Rambus Inc. and Infineon Technologies AG have hammered out a settlement that will end all
pending lawsuits between the companies.
In addition, the companies will start a licensing agreement for the use of the
Rambus patent portfolio in Infineon productss.
Under the agreement, Infineon, in Munich, will pay a quarterly license fee of US$5.85 million
starting by Nov. 15, and continue through Nov. 15, 2007, the companies said in a joint
statement. After Nov.15, 2007, Infineon will continue to make quarterly payments worth up to
an additional $100 million, but only if Rambus "enters into additional specified licensing
agreements with certain other DRAM manufacturers," they said.
Rambus, which does not manufacture its own memory chips, has contended since 2001 that
Infineon is infringing upon Rambus patents with its SDRAM (synchronous dynamic RAM)
chips. But earlier this month, Rambus suffered a legal setback when Judge Robert Payne of
the U.S. District Court for the Eastern District of Virginia granted Infineon's request for
dismissal of the case, the second time the case had been dismissed.

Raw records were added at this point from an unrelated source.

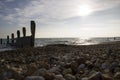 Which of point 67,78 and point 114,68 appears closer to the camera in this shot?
point 67,78

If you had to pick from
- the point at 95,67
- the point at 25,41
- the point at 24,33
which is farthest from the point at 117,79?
the point at 24,33

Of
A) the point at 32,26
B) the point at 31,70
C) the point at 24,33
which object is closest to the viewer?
the point at 31,70

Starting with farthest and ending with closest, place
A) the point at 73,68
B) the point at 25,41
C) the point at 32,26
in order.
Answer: the point at 25,41, the point at 32,26, the point at 73,68

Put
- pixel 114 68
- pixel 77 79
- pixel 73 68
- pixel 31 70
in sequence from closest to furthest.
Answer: pixel 77 79 → pixel 31 70 → pixel 114 68 → pixel 73 68

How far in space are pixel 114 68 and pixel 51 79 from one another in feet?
5.13

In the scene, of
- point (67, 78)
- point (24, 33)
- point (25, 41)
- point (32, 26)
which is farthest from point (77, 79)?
point (24, 33)

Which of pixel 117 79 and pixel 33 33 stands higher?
pixel 33 33

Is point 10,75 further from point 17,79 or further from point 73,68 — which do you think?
point 73,68

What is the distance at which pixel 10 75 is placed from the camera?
3182mm

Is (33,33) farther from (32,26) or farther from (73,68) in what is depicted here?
(73,68)

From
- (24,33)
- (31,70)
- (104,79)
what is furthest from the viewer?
(24,33)

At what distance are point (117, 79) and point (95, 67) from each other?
1461 mm

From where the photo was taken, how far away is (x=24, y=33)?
71.8ft

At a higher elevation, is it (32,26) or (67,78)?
(32,26) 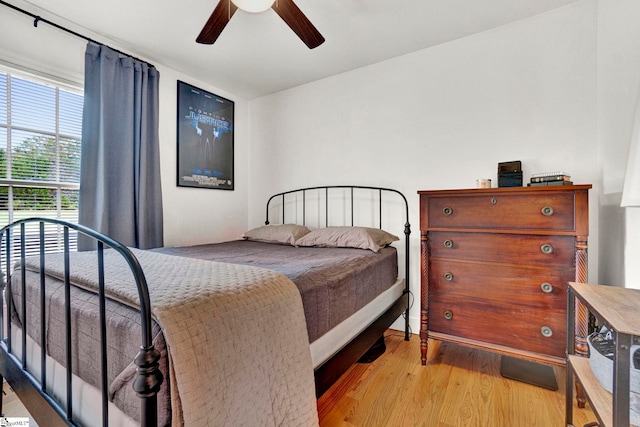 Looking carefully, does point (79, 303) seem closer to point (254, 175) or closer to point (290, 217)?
point (290, 217)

Rambus, in Los Altos, California, also took aim at Infineon, as well as Hynix Semiconductor
Inc., Micron Technology Inc. and Siemens AG, in separate suit filed in May of last year. In
that claim, filed the Superior Court for the State of California, Rambus charged the computer
memory vendors of illegally working together to keep Rambus' RDRAM (Rambus DRAM)
product from becoming a mainstream memory technology by restricting prices and production
output in the late 1990s.
As part of the settlement announced Monday, Infineon has granted Rambus a fully paid
perpetual license for memory interfaces, while Rambus licences bought by Infineon get the
status of ?most-favored customer.? Infineon also maintains an option for acquiring certain other
licenses, the companies said.
Representatives from Infineon and Rambus could not immediately be reached for comment.